Questi elementi sono ormai un requisito essenziale. Sono fondamentali per una destinazione turistica moderna e al passo con i tempi. L'attenzione si sposta sulla necessità di una visione completa dell'accoglienza.
Il turismo accessibile come principio guida
Secondo la visione del Garante, il turismo accessibile non deve essere considerato un settore a sé stante. Non è una nicchia di mercato da trattare separatamente. Deve invece essere un principio fondamentale. Deve guidare ogni decisione organizzativa e ogni scelta infrastrutturale.
L'inclusione è un diritto inalienabile per ogni cittadino. Allo stesso tempo, rappresenta una straordinaria opportunità. Offre un potenziale di crescita sia economica che sociale per l'intera regione. Rendere la Calabria pienamente accessibile porta benefici concreti.
Ampliare il numero di visitatori è un risultato diretto. Migliorare l'esperienza complessiva dei turisti è un altro vantaggio.
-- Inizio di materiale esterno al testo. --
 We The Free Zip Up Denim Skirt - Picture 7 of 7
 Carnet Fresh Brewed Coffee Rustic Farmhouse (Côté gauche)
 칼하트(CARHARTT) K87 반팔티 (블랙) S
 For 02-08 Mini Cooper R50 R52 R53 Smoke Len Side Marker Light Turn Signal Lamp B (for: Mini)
Rafforzare l'immagine della regione come terra accogliente e partecipativa è un obiettivo importante. Questo contribuisce a un'identità positiva e attrattiva.
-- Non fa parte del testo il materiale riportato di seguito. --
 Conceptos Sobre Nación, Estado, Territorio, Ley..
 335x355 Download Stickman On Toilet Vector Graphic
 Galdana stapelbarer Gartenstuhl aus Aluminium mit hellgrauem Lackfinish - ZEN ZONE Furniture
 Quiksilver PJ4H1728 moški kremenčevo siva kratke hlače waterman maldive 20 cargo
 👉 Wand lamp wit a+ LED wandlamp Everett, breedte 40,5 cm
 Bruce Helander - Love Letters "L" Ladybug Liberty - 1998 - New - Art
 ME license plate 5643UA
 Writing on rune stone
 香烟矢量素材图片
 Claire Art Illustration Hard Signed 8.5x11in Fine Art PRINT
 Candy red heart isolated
Un invito all'azione per tutti gli attori
Siclari ha concluso il suo appello con un invito diretto. Si rivolge a tutti gli operatori turistici. Coinvolge anche le amministrazioni comunali e gli enti preposti alla gestione dei servizi. L'invito è a cogliere appieno le opportunità offerte dagli strumenti regionali disponibili.
Si chiede di proseguire con determinazione nel percorso di eliminazione delle barriere. L'obiettivo finale è chiaro: la Calabria deve affermarsi sempre più. Deve diventare una destinazione capace di garantire a tutti il diritto di viaggiare. Deve permettere a chiunque di soggiornare e vivere il territorio. Tutto questo deve avvenire in condizioni di piena autonomia, sicurezza e dignità.
La collaborazione tra istituzioni e operatori è vista come la chiave per raggiungere questi ambiziosi traguardi. L'impegno collettivo è necessario per costruire un futuro turistico più equo e accessibile.